It haunts me

The question that still and always haunts me is: who cares?

Who cares?

That’s what a narcissist once asked me after telling me that they don’t know me. I told them about me (unasked) and they replied:

Who cares?

It doesn’t matter!

It was years ago. Many many years ago, but it broke or activated something inside me.

And with every post, every tweet, every message that is not a reaction to a message, those two questions scream in my mind.

And man, it is a crippling thought. It prevents half of what I write to be seen or shared and it makes me delete many messages or tweets i want to write.

When those messages were sent to me, I was a different person and sometimes I wonder why they still matter years later.

They still matter because I gave and still give them the power to matter, but as much as I am trying, i cannot stop it.

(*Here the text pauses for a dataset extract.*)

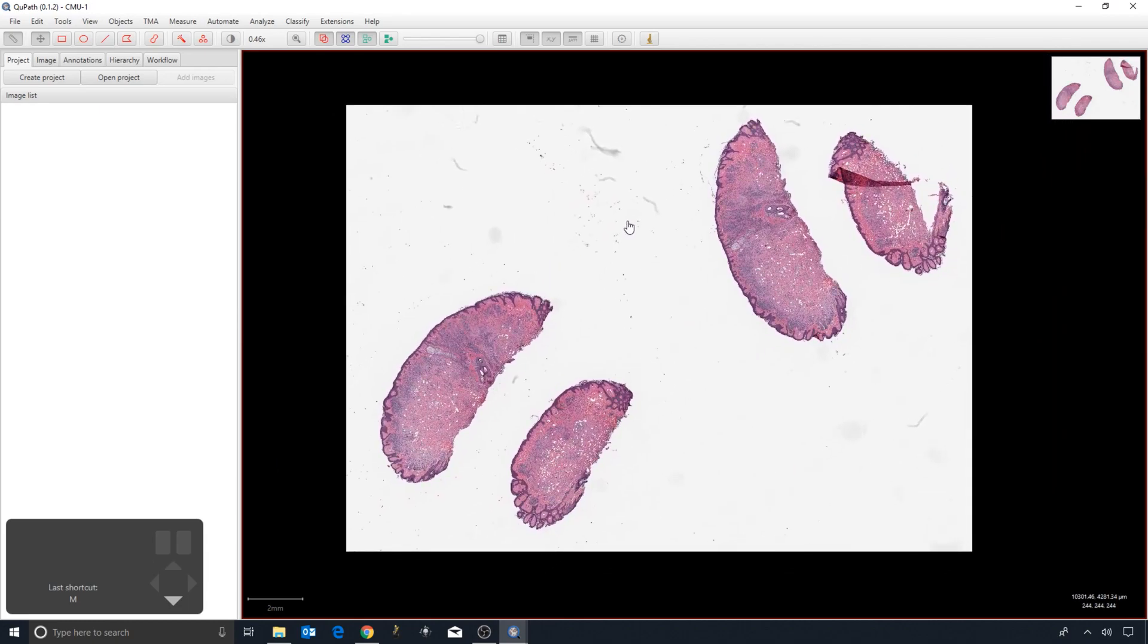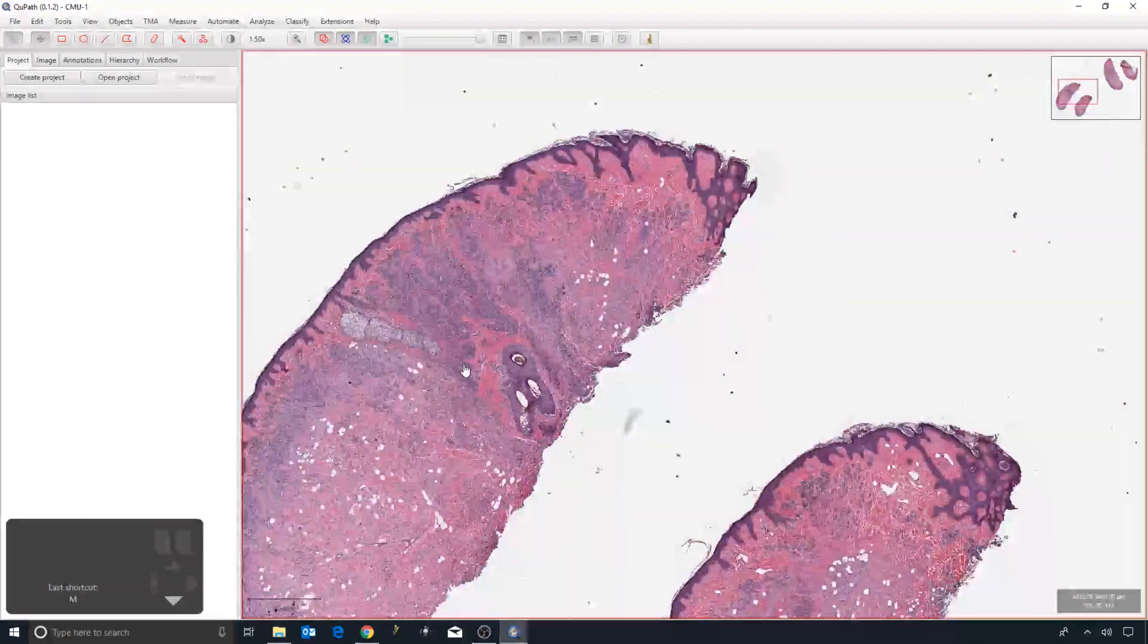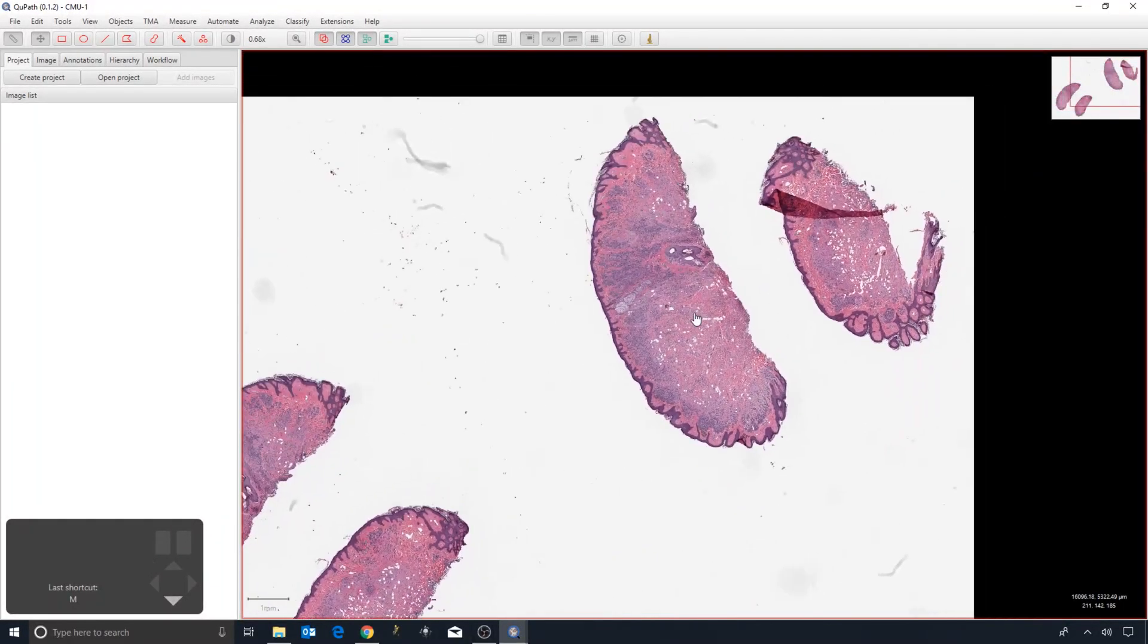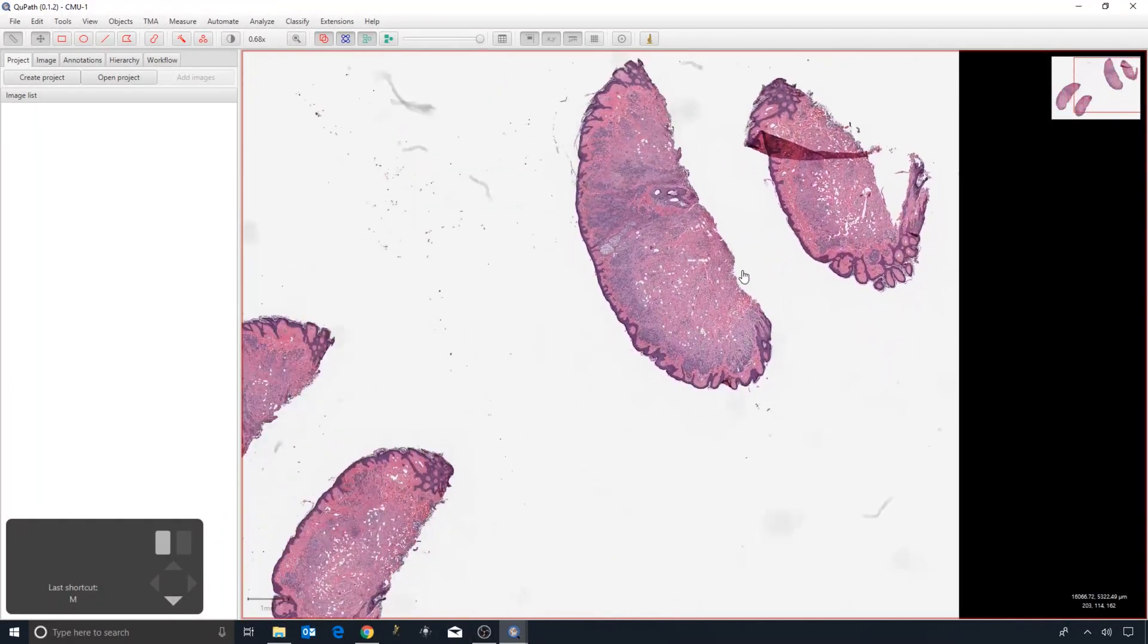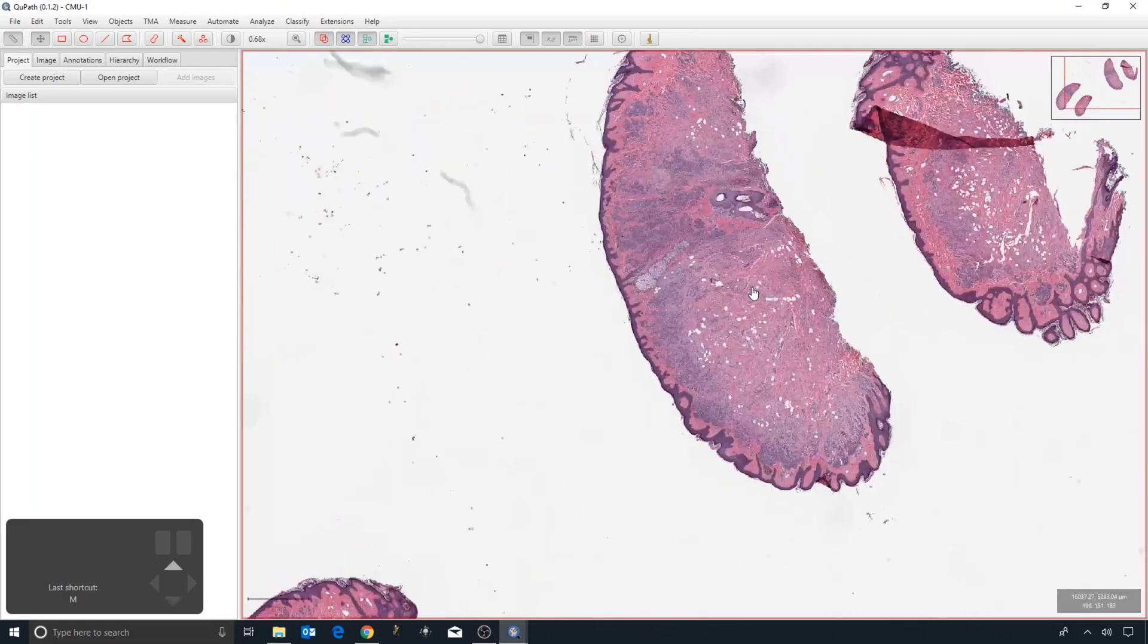Going back to the image that we opened: we drag the file on top of QPath and we want to navigate it. The basic controls are: we can use the mouse wheel to zoom in and zoom out, we can click on the image and drag it to move around and change the field of view.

Every time I push the button “publish” I wonder who cares, and in times when I over-post, the question is so much louder.

###

Depeche Mode – in your room. The clip was shot by the dutch photographer Anton Corbijn, who is one of my favourites (photographers) ever. And the song was a single from the album “songs of faith and devotion” (1993) it’s the first album I ever bought with my own money and I still adore it. I had the choice between “division bell” by Pink Floyd and the above. I decided with my heart and never regretted it. Also, the “division bell” is an awesome album that I bought years later on CD and someone also bought it for me on LP… It made its way from a record store in Wales to my doorstep in Luxembourg in 2021. 🙂

6 thoughts on “It haunts me

  1. It took a while before I was able to get the grasp of the “who cares” mentality. I still struggle with it both for my blog and in life as well, but honestly it’s a great way to limit the amount of stress in one’s life. And as long as I am ok with the consequences of what I am doing, and it sits well with my soul then I don’t really care anymore what other people think.